I've weighed in on this topic before, though I 'm not going to wade through the search function and find what I've said I will make an effort to throw out a Readers Digest Version of my thoughts.

Please forgive me, I am writing this after an extended time from home, after an extended time awake, with 40 hours before I leave to do it again. (That was not a sympathy/empathy ploy, those are facts, those of us who will be in Afghanistan in the new year for six months are already up to our necks living and breathing the training and prepartation to get there.)


Not supporting "the war" is a personal and political decision, based on whatever factors make up your character and make you Canadian. And as a voter you can have a say. (as a soldier with 27 years in said to me recently "Don't like it, vote Liberal in a couple of months, they'll bring us home and remind everyone why it was a mistake, though everyone will have forgotten it was they who sent us...")
But supporting the Troops is also a personal decision based on whatever factors make up your character and make you Canadian. It can be as simple as not spitting on a Canadian soldier in an airport, or as simple as helping line the road leading to the base with yellow ribbons as they come home.

Personally, and maybe this is due to a lack of understanding, I don't support the 'war' in Afghanistan (surprised?). I remember hearing that more Canadian soldiers have been killed in Afghanistan now than in any other war since WWII. Please correct me if I'm wrong. Why are we fighting insurgency in Afghanistan? What good are we accomplishing there? What cause are Canadians dying for? Who benefits from winning this war? Is it even possible to win? 

The mission statement of the Candian Troops in Afghanistan has never wavered, we are there to add credibility and stability to the governing authority in the country of Afghanistan. Not warfighting. Yes we are trained to kick ***, and take names. And in the Wild West environment of Afghanistan that is a necessary thing, and it is a damn good thing that we are good at it. But we are also damn good at building schools, building infrastructure. We are not just fighting "an insurgency" (a little anti-US/IRAQ shading there) We are fighting an established terrorist regime, with skewed views of Islamic Law, and we are also fighting entrenched criminals and war lords who have profitted from the civil turmoil that has plagued Afghanistan for decades and who have kept the majority of the population dirt poor.
We as a respected and established HAVE country are providing opportunity for impoverished have-nots. We, as soldiers, believe in these ideals as it is one thing we cherish about Canada, and I don't think we have the morale high ground to let some casulaites take that away from others.
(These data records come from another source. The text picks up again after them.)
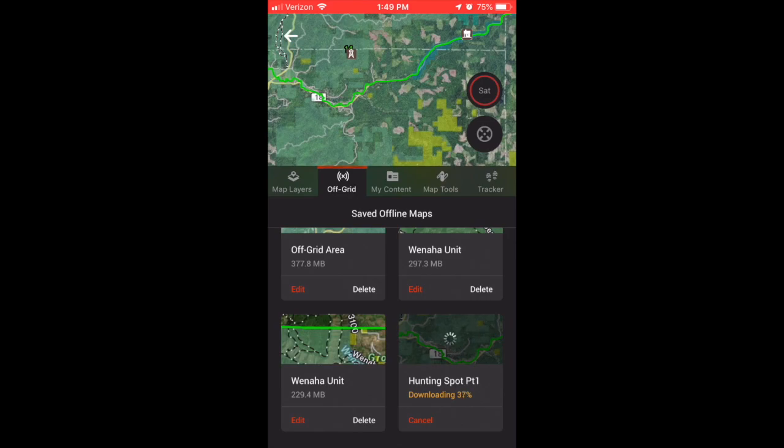So when you look back to the bottom right, it is still downloading. You have to be connected to Wi-Fi in order to do this — at least that's been my experience. Or you might need to have really quick service, but I've had the best luck connected to my home's Wi-Fi. I usually save a lot more terrain and areas than I think I'll actually need. I was bow hunting in Southern Oregon for antelope this last summer and I saved the entire unit on my map. Because I'd never been there, I wanted to have the ability to change positions and locations on the fly, and it allowed me to do that.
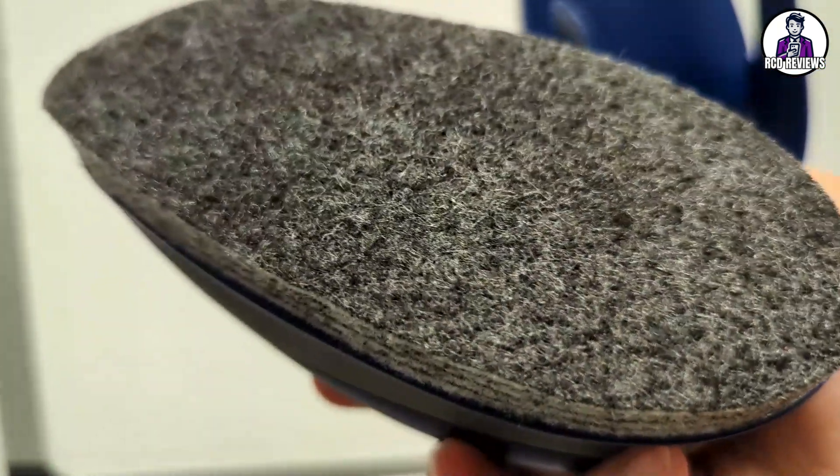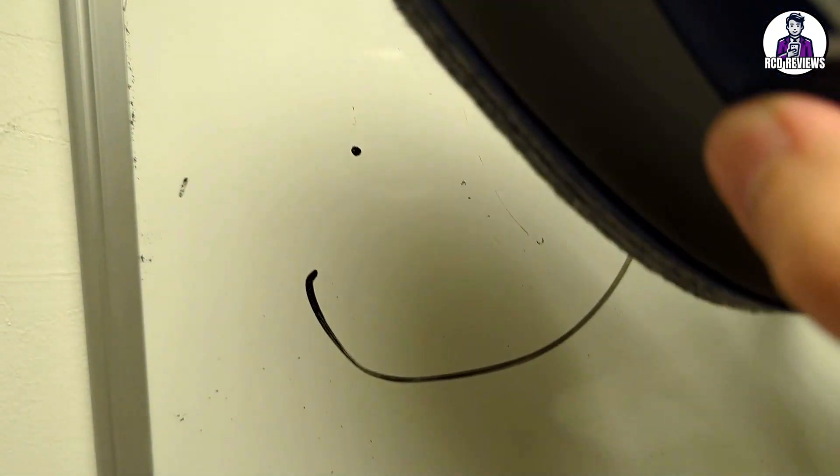The second reason is the grip. I love the grip because it's easy to hold — it conforms to your hands and is very comfortable.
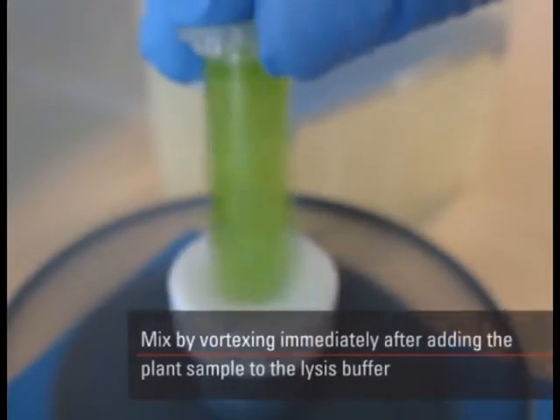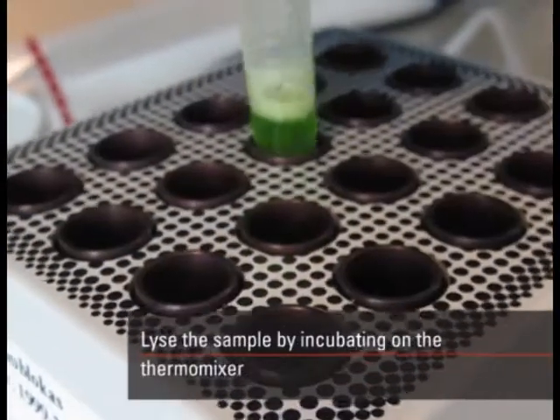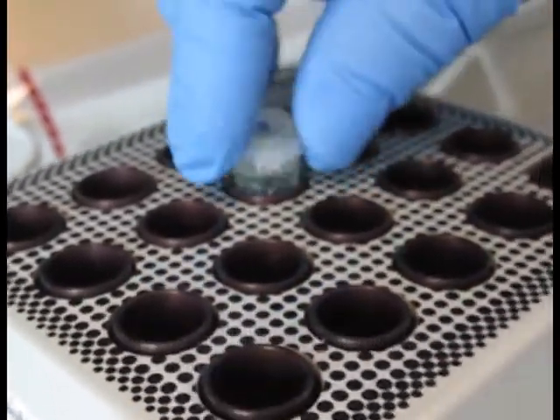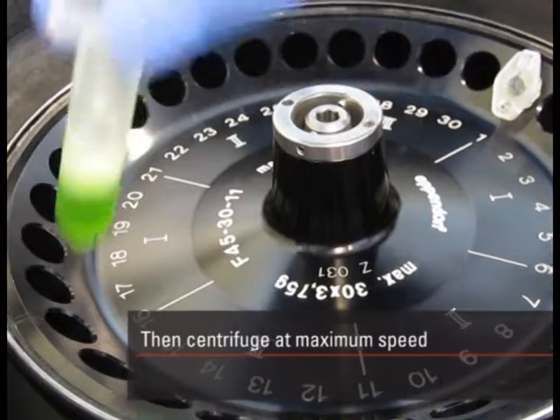Mix by vortexing immediately after adding the plant sample to the lysis buffer, and lyse the sample by incubating on the thermomixer. Then centrifuge at maximum speed.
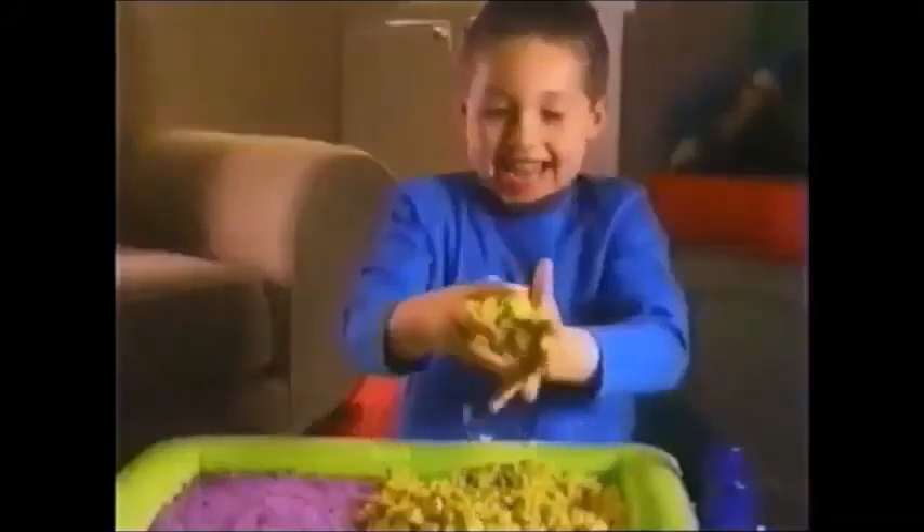Moonsand, Moonsand, the sand that you can mold! What's squishy to hold and fun to mold? It's Moonsand!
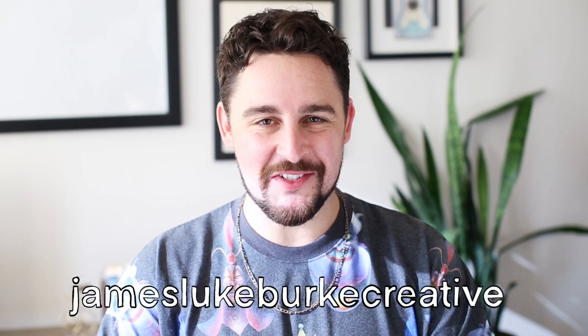G'day ArtSnackers, my name is James of James Luke Burke Creative and welcome back to another month of ArtSnacks Box Freestyle, where we take the supplies from the October 2022 ArtSnacks Plus box and experiment with them to within an inch of their lives, then hopefully create a masterpiece for the hashtag ArtSnacks Challenge.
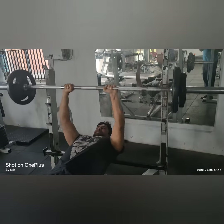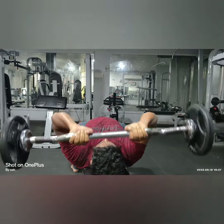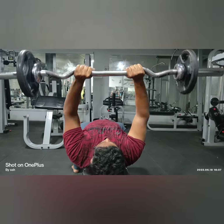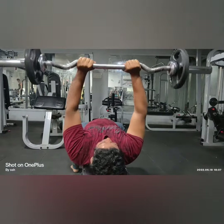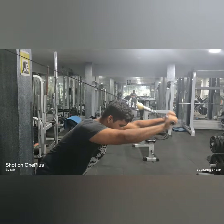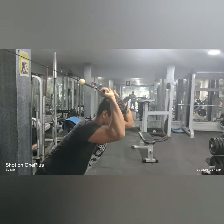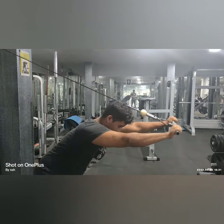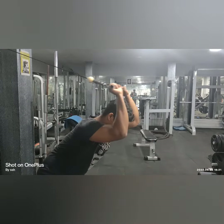Then we go with the skull crusher workout. Both skull crusher and close grip bench press can be performed with drop sets also. Then we have cable tricep push with a slightly inclined bent body — you can do two to three sets with moderate weights.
Who benefits? The 6 year old girl who goes to school for the first time and learns how to read. The fifty year old woman who will get to vote for the first time in her life and be treated as a human. The thrity year old mechanic who gets to do what he is trained to do because for so long there was no way for him to do, and he can finally support his family.
Who benefits? Canadians, we can say once Afghanistan takes fledgling steps as a recovering nation and we can say, yeah, we did that...
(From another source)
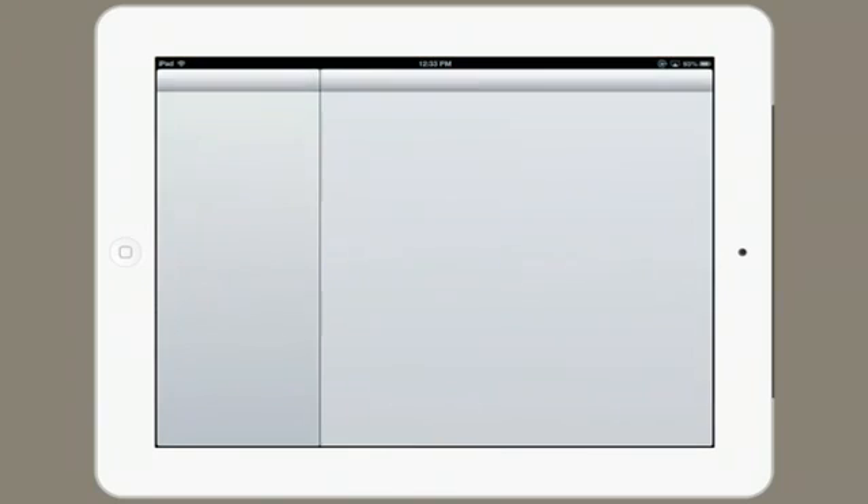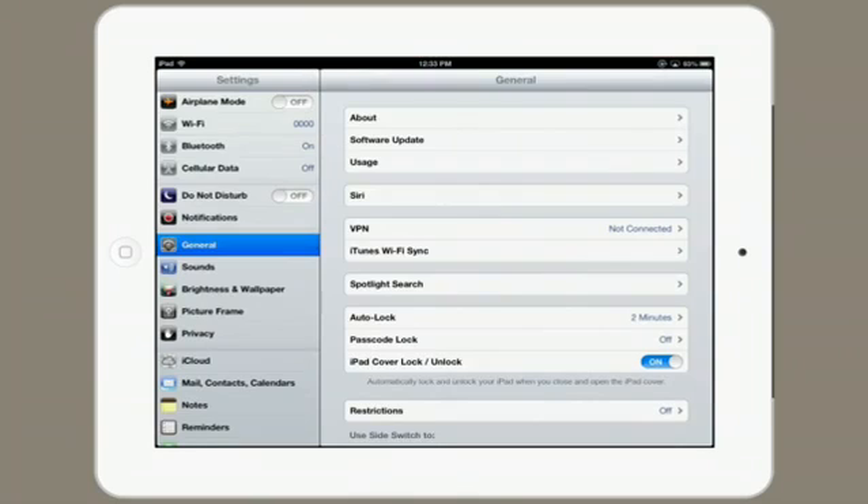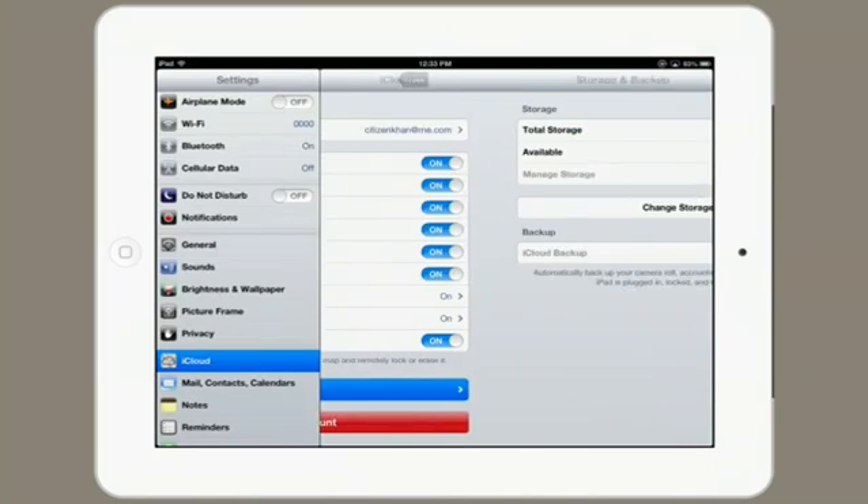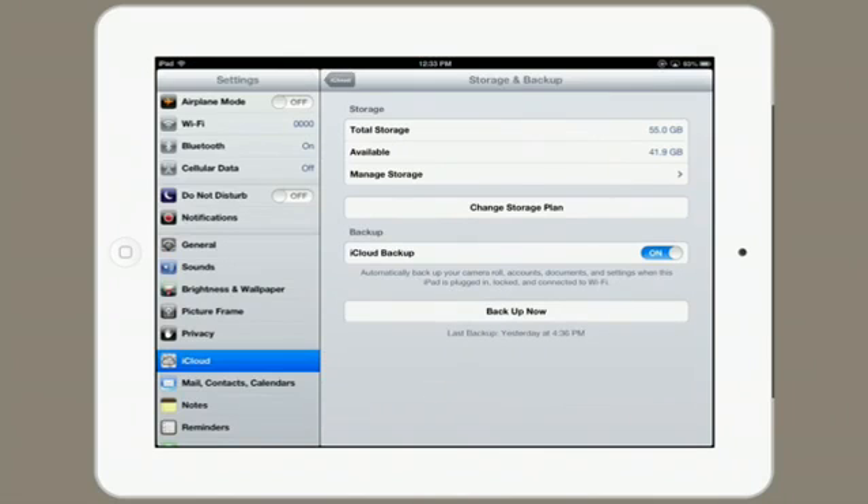So to turn that on, tap Settings and go to iCloud. Tap Storage and Backup and ensure that iCloud backup is turned on. It says automatically backup your camera roll, accounts, documents, and settings when this iPad is plugged in, locked, and connected to Wi-Fi. So that means every night it'll create a new backup and you won't have to wait for it in iTunes.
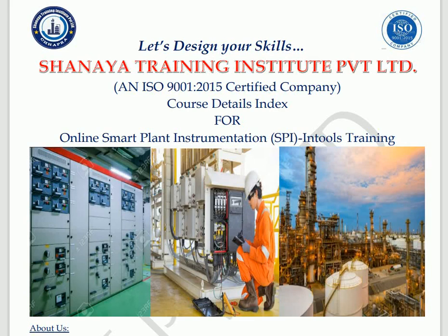Hello guys, welcome to Sanaya Training Institute Private Limited's YouTube portal. Let's design your skill. Today we are going to discuss about the online Smart Plant Instrumentation (SPI) training program details. We would like to introduce ourselves: we are Sanaya Training Institute Private Limited, an ISO 9001:2015 certified company.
It seems counterproductive to fight religious fundamentalism with violence. Attacking the insurgents just seems to create a martyr complex which breeds more violence. Do Afghanis even want a democracy? I can think of 10 African countries who'd be better served by a peacekeeping force, or an installation of democracy. 

Peacekeeping is dead. We are no longer in between equally strong sides and keeping them apart. We are peacemakers, by whatever means necessary.
We are popluar in Afghanistan, average joe Afghan likes us and wants us there beacuse of what we mean. I don't know if Afghanistan wants democracy. They want freedom to pray the way they want and feed their children.

And you don't stop religious fanaticism by asking nice. You do whatever necessary to stop, interdict, and disrupt their operations, physically, and ideologically. As leaders we do not wnat to send our troops out into sustained combat because it is destructive not constructive, and there is more chance for body bags coming home. But sometimes you have to call a spade a spade and throat punch someone.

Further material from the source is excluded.